On Tuesday, the department's responsiveness was questioned by members of the state's Blue Ribbon Panel on Child Death Review. Panel member and Assemblywoman Susan Gerhardt, D-Henderson, pressed for details of the cases highlighted in a report by Ed Cotton, an independent consultant hired last year by the county.

Cotton's report, based on reviews of 1,352 open Family Services cases, originally contained eight pages detailing situations where the safety of children was in doubt.

Those pages were excised at the request of Deputy District Attorney Mary-Anne Miller and were not included in the public report released in December. When the censored section of the report came to light this week, Gerhardt pressed for an accounting of how each red-flagged case was handled.

Confusion arose at Tuesday's Blue Ribbon Panel meeting because key figures such as Family Services Director Tom Morton had never seen the report pages in question and could not answer questions from panel members, Skorupski said.

When Cotton and his staff conducted the review from May to October, the practice was for reviewers to turn over case files of concern to Rubin, who then dispatched caseworkers to resolve the problems.

"It's not that there was a lack of follow-up on cases," Skorupski said. "But there wasn't a feedback structure back to the reviewers."

Donna Coleman, a child welfare advocate and critic of Clark County Family Services, said she's not willing to accept that assurance without evidence.

Coleman said the county should disclose exactly what actions were taken in each case of concern noted in the Cotton report. That would include what date the worker was dispatched, the conditions of the children involved and the status of the cases.

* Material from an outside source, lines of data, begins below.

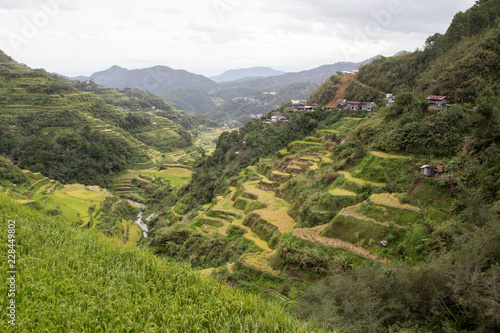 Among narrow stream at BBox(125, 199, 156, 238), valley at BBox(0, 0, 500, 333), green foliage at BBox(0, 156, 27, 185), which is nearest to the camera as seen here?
valley at BBox(0, 0, 500, 333)

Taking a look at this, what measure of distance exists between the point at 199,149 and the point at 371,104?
4053 cm

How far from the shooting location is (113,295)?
27.2 ft

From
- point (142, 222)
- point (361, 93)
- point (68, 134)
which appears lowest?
point (142, 222)

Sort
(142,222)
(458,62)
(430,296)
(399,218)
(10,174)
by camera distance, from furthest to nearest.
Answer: (142,222) < (10,174) < (458,62) < (399,218) < (430,296)

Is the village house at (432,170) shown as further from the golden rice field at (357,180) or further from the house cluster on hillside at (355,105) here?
the house cluster on hillside at (355,105)

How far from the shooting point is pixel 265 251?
586 inches

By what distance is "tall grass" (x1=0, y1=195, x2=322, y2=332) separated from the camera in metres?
7.14

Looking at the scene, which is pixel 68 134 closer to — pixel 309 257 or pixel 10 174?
pixel 10 174

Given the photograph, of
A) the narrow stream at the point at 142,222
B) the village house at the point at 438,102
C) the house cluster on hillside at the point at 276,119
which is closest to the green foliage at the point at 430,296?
the village house at the point at 438,102

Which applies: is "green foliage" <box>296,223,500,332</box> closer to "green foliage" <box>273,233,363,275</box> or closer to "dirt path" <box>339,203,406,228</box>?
"green foliage" <box>273,233,363,275</box>

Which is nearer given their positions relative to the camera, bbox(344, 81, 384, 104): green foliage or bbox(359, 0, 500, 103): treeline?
bbox(359, 0, 500, 103): treeline

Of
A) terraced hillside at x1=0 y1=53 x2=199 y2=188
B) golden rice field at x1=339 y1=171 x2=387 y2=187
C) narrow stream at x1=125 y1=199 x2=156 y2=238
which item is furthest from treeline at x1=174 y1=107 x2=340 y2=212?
terraced hillside at x1=0 y1=53 x2=199 y2=188

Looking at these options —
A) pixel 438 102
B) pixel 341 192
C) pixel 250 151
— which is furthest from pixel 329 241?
pixel 250 151

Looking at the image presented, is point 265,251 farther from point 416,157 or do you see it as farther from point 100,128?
point 100,128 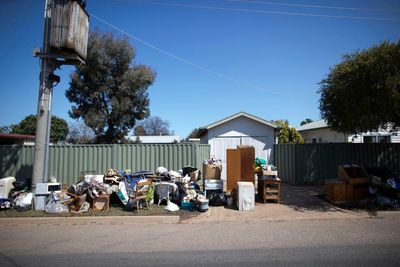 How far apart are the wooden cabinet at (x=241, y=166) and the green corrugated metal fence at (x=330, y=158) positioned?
505 centimetres

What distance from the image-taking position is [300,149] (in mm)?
14508

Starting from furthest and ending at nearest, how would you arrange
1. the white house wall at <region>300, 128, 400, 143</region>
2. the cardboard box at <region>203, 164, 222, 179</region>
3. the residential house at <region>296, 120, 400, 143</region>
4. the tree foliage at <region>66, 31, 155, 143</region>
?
the tree foliage at <region>66, 31, 155, 143</region>, the white house wall at <region>300, 128, 400, 143</region>, the residential house at <region>296, 120, 400, 143</region>, the cardboard box at <region>203, 164, 222, 179</region>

For instance, Coleman asked, did the county ever locate a 10-month-old county ward whose whereabouts Cotton said were unknown? Were cases that were closed at the insistence of a supervisor and against the desire of a caseworker reopened?

"This is life and death," Coleman said. "We're not talking about county cars getting oil changes. We're talking about the safety of children."

Skorupski said no additional information was available Wednesday regarding the follow-up on the cases in the excised pages of Cotton's report.